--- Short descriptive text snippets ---
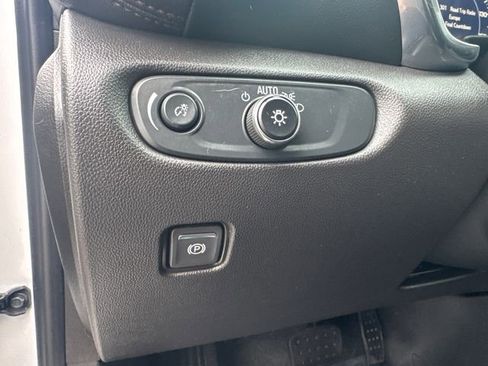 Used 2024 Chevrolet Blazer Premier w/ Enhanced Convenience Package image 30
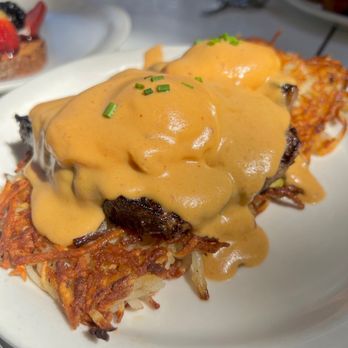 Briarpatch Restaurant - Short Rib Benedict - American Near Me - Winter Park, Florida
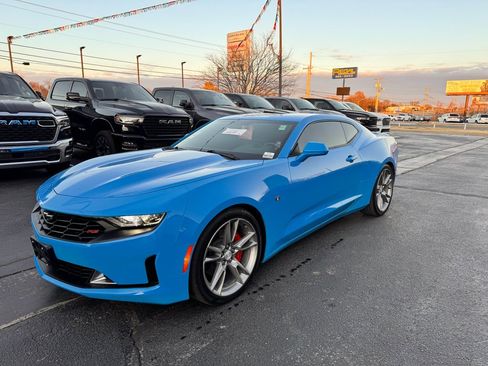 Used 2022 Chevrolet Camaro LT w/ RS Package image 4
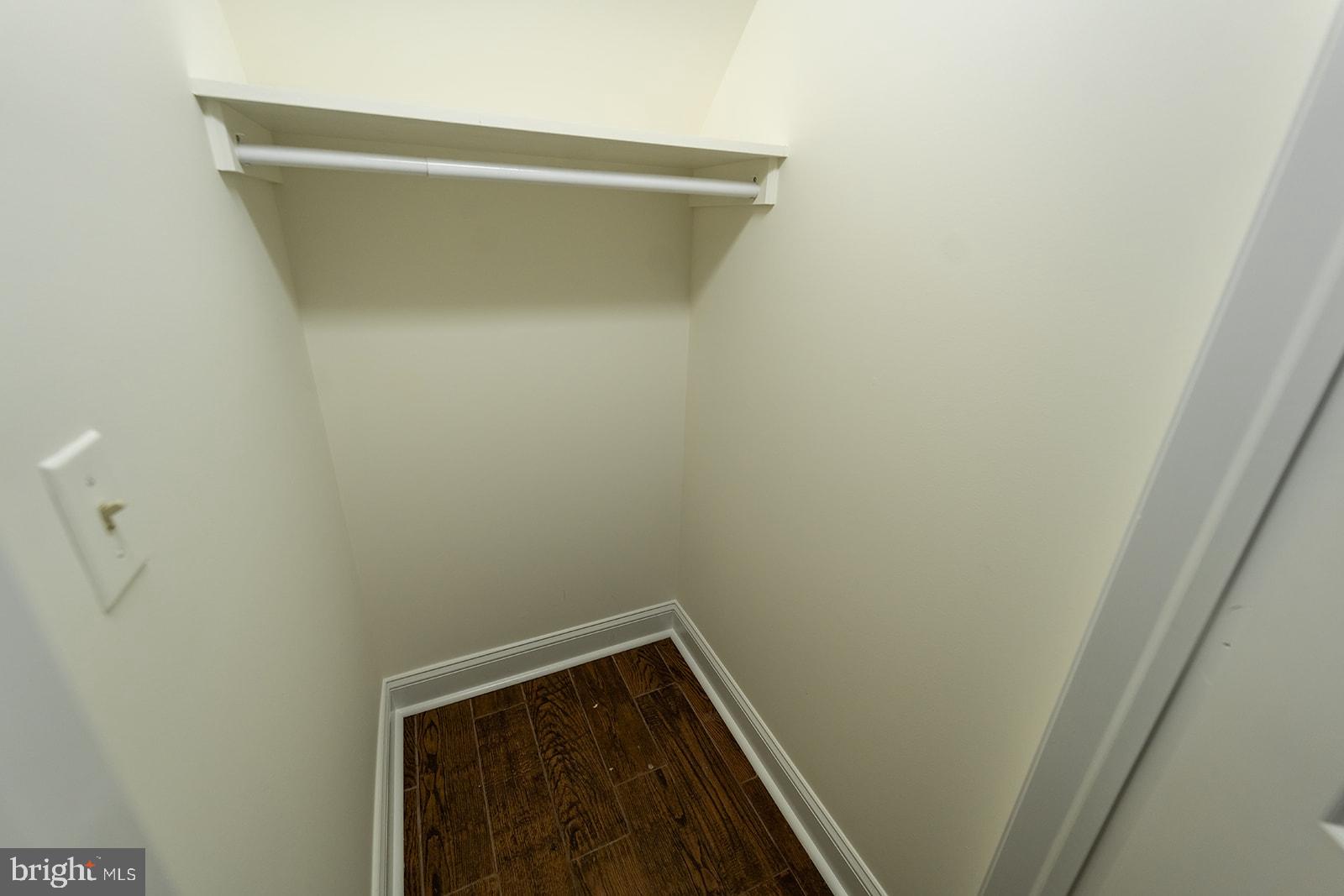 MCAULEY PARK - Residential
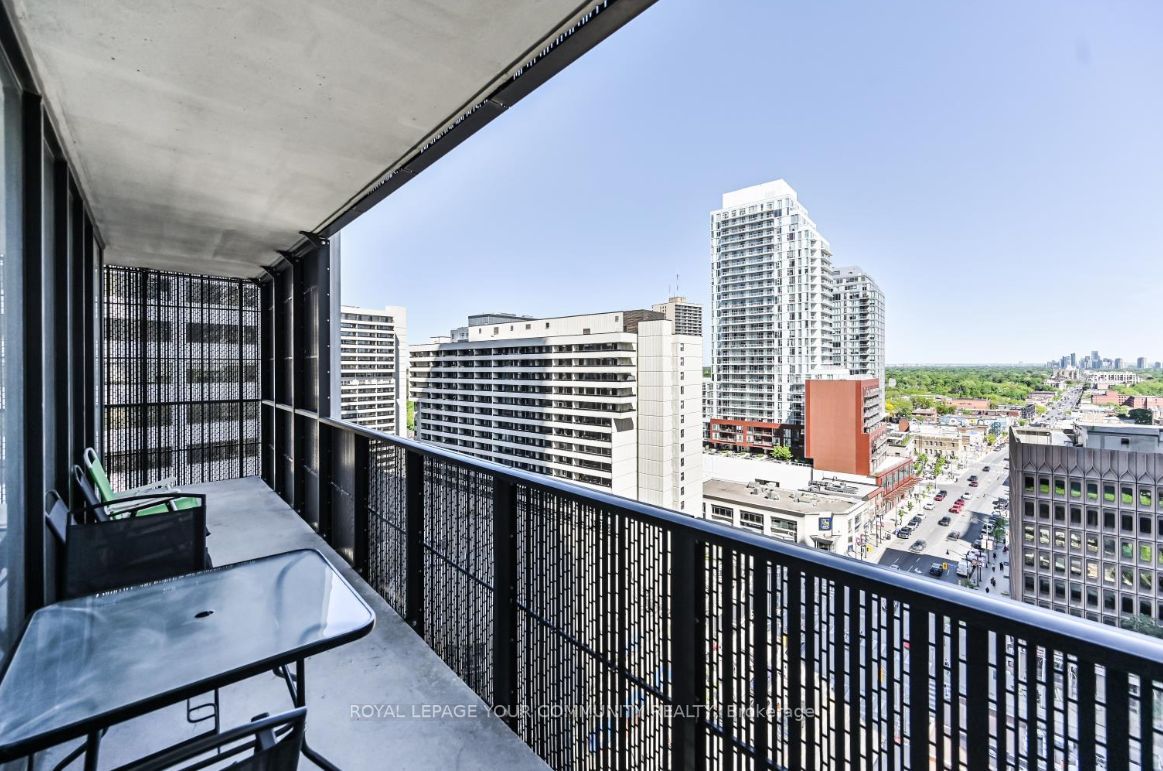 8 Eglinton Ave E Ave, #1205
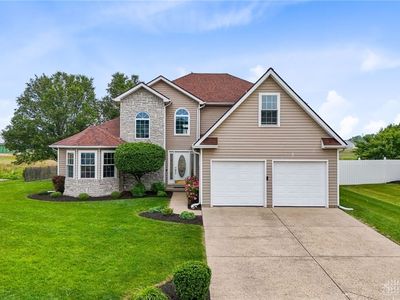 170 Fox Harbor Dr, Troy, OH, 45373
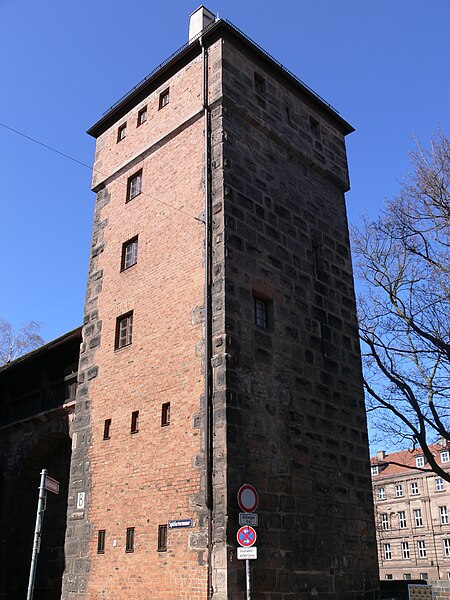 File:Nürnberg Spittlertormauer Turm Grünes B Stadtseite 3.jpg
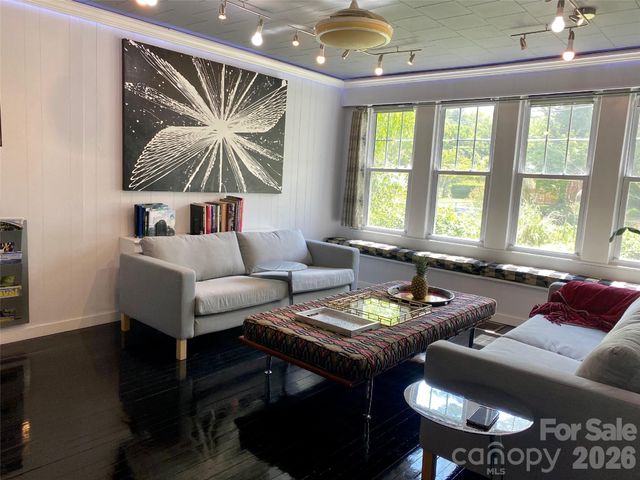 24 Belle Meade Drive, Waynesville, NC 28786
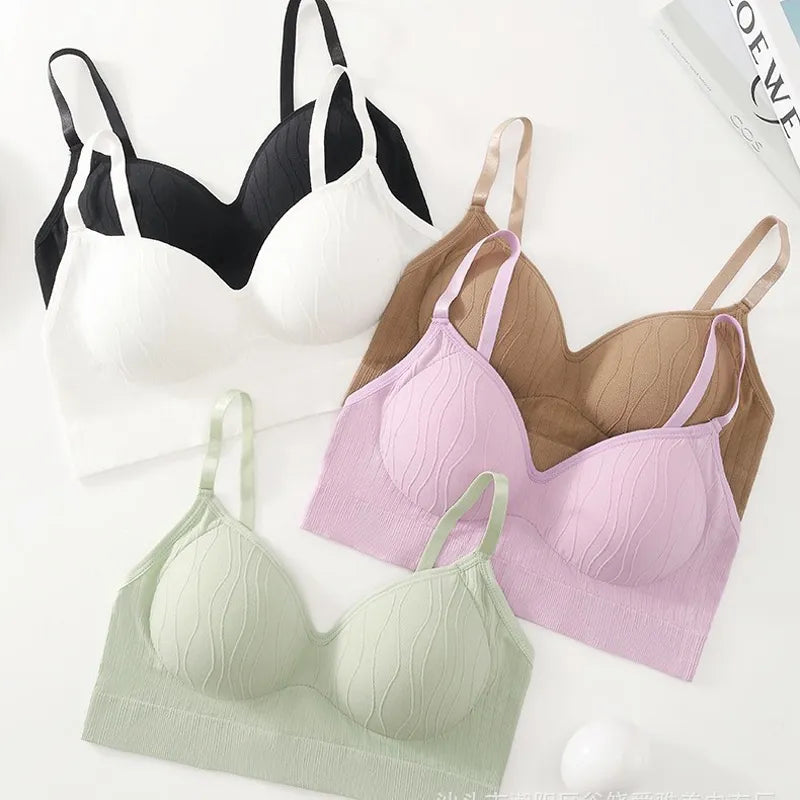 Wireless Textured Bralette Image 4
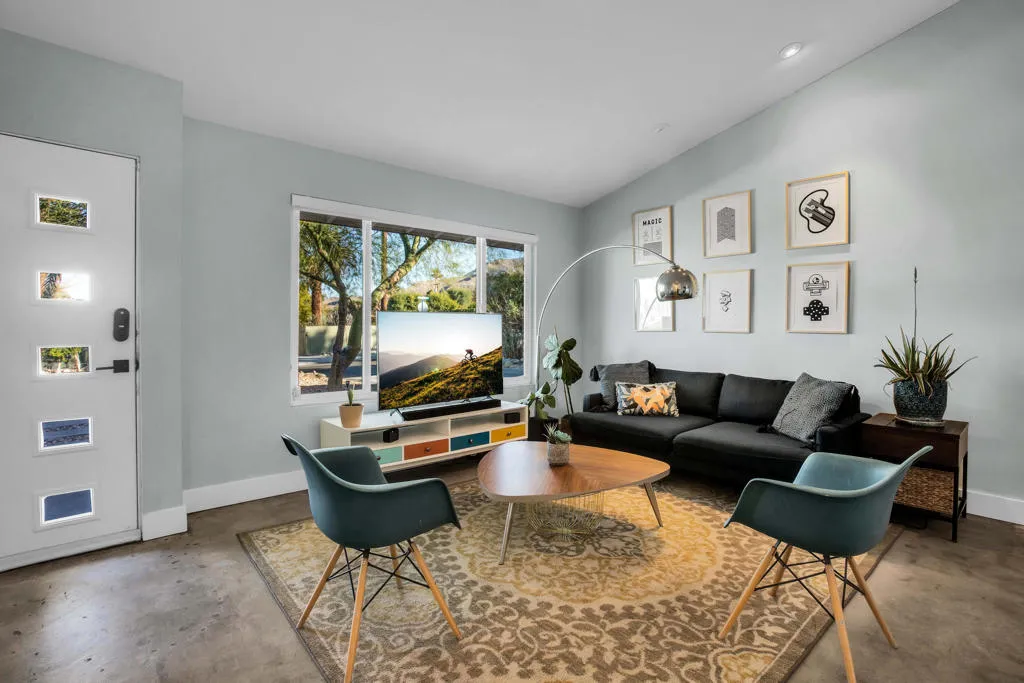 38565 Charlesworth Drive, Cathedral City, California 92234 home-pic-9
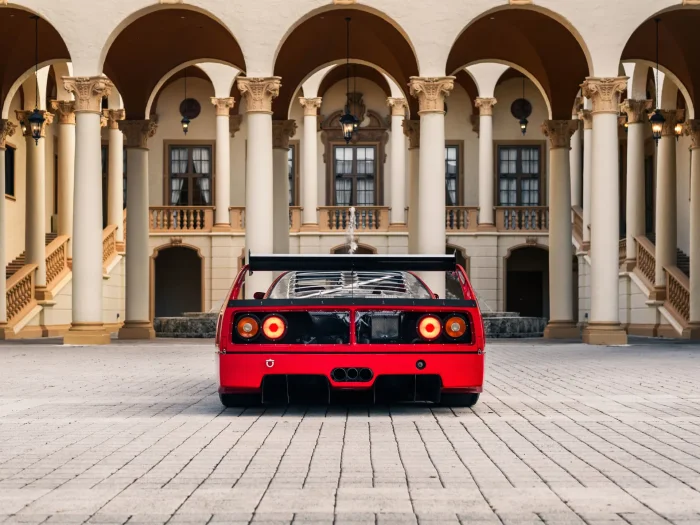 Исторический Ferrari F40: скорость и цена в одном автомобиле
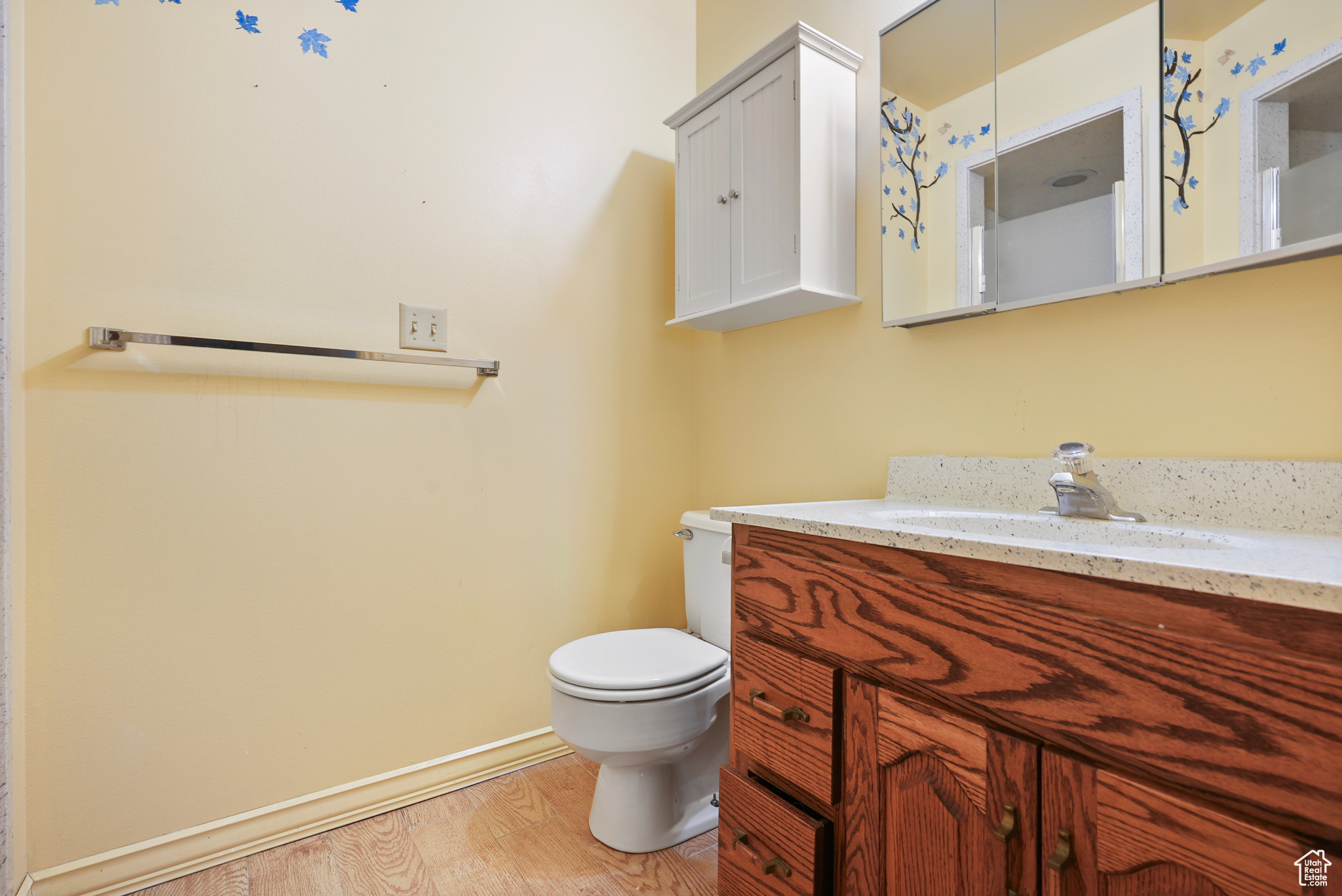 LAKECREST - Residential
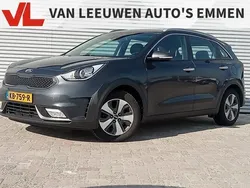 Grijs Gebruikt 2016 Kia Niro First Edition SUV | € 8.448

--- The task ---
Each record above needs to be transcribed word for word, with its pictures omitted.

--- Solution below ---
 Used 2024 Chevrolet Blazer Premier w/ Enhanced Convenience Package image 30
 Briarpatch Restaurant - Short Rib Benedict - American Near Me - Winter Park, Florida
 Used 2022 Chevrolet Camaro LT w/ RS Package image 4
 MCAULEY PARK - Residential
 8 Eglinton Ave E Ave, #1205
 170 Fox Harbor Dr, Troy, OH, 45373
 File:Nürnberg Spittlertormauer Turm Grünes B Stadtseite 3.jpg
 24 Belle Meade Drive, Waynesville, NC 28786
 Wireless Textured Bralette Image 4
 38565 Charlesworth Drive, Cathedral City, California 92234 home-pic-9
 Исторический Ferrari F40: скорость и цена в одном автомобиле
 LAKECREST - Residential
 Grijs Gebruikt 2016 Kia Niro First Edition SUV | € 8.448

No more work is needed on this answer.